A.J. shrugged. "You first, Sally."

"How kind of you," Sally replied.

They got out their flashlights before going in.

-OOO-

"I was hypnotized," Mrs. Turner said softly. "I couldn't help myself."

"We know, Maria," Wanda said. "We know."

Lucas said nothing. He just looked toward the door.

"Can I go on now?" Timmy asked.

"Yes, of course, dear," Mrs. Turner said.

Timmy continue retelling the events of a few minutes before.

-OOO-

He was a bit surprised when he landed on a soft mattress. He looked around and didn't see any of the others anywhere. "Where is everyone?" he asked when the mattress had settled down.

No one answered.

"This can't be good," he said to himself.

"No, it isn't," a voice said.

Timmy spun around. And jumped. Mama Cosma had appeared right behind him. He could have sworn that nobody had been there. "What are you doing here?"

"I'm making you offer, kid," Mama Cosma said. She sounded like she meant it. "Are you willing to listen?"

Timmy said nothing.

"I'll take that as a yes."

Timmy still said nothing.

"I bear you no particular harm. It's Wanda that I detest. Not you. You could leave here completely unharmed, with your mother returned to turned back to normal. You would like that, wouldn't you?"

"But what about Wanda?

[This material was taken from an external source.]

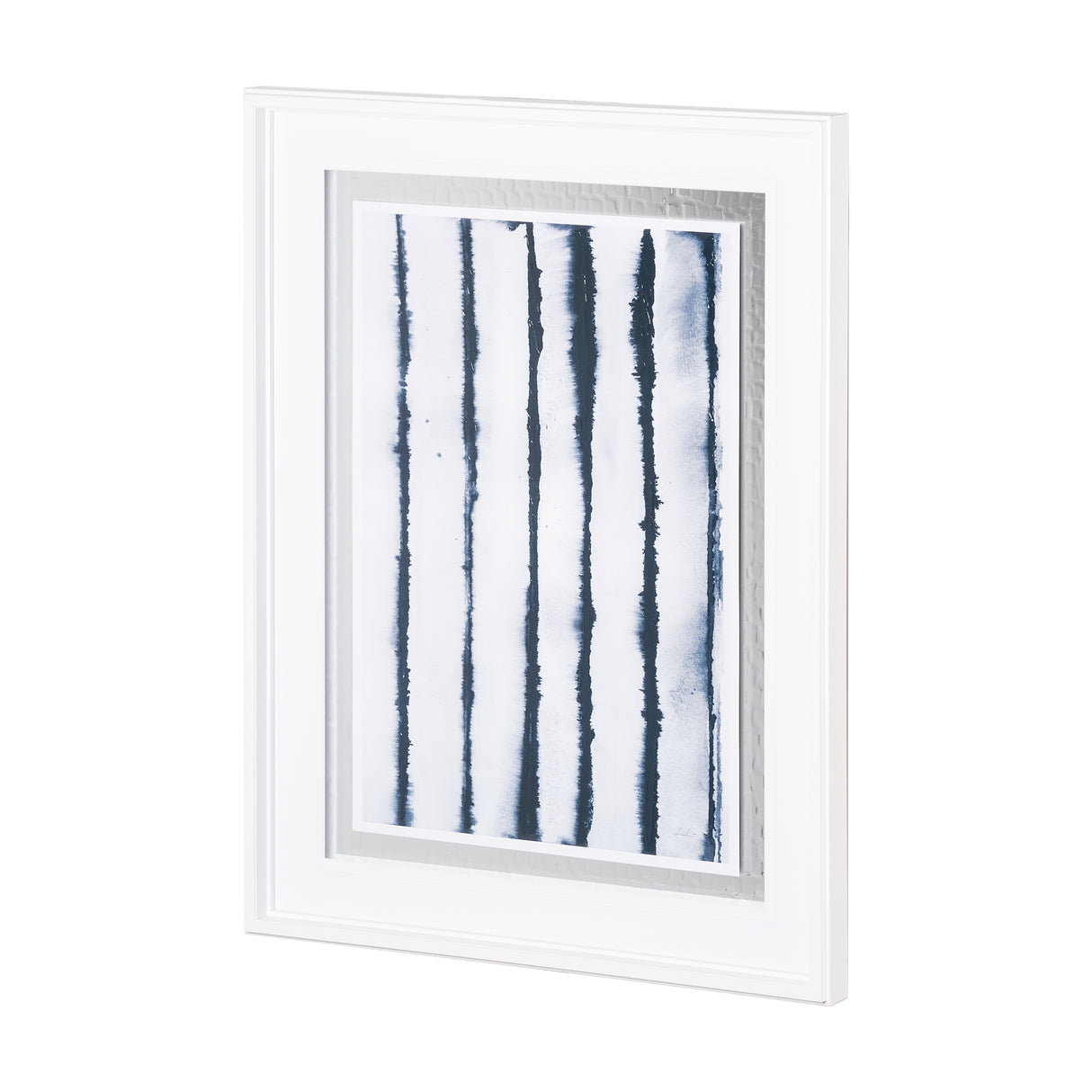 Indigo Lines II by Melody Ducharme a Hand Embellished Textured Framed Art Print Matted under Glass from Mercana - Luna Furniture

What would happen to her?"

"That's no concern of yours."

"Yes, it is. She's my fairy godparent. And, more importantly, I love her and she loves me. And nothing can change that."

Mama Cosma harden her face. "Then keep her! It's no concern of me."

She left and the matters opened up under Timmy. He fell.

-OOO-

When Timmy had finished telling the tale, he said, "I don't see anything we could have done differently."

"You could be right, sport," Wanda said.

"Maybe if we had Butch with us…" Mrs. Turner started, but she didn't finish.

"Thinking of what could have been won't get us out any faster," Lucas said. "We have to stick our heads together and find a way out of here."

"You're right, Lucas," Fanny said.

They begun planning, but the real question remained. Where were Juandissimo and his godkid, Johnny?

-OOO-

Cosmo's world had shattered. He had thought that Wanda would stay true to him. Instead she had went ahead and done… that. How could she? That woman.

That harpy.

She had sworn that she was over that Juandissimo.

"I know that you're upset, honey," Mama Cosma said. "That's why I was so hesitant to show you."

She had shown her son a video of Wanda and Juandissimo rubbing their heads against each other over a milkshake that two straws sticking out of it. They seemed to be love with each other. Heartboken, Cosmo cried into his mother's shoulder, who gentlely patted his back. "But don't worry, sweetie. Mama's going to make it all right again."

-OOO-

"What was her deal?" Sally asked as she and A.J. made their way through the cave. "Why wouldn't she enter this cave? And what was with that comment about us disappearing?"

"Perhaps that has something to do with the aura of evil in here," A.J. replied.

"What aura of evil?" She didn't feel any aura of evil. And besides what would that feel like anyway?

They followed along the underground stream further. The stream seemed to go on forever. And the feeling that the end of the cave being just out of range of their flashlights didn't help things either.

But they eventually an open metal door in the wall across the stream from them, on the left bunk. "After you," Sally invited.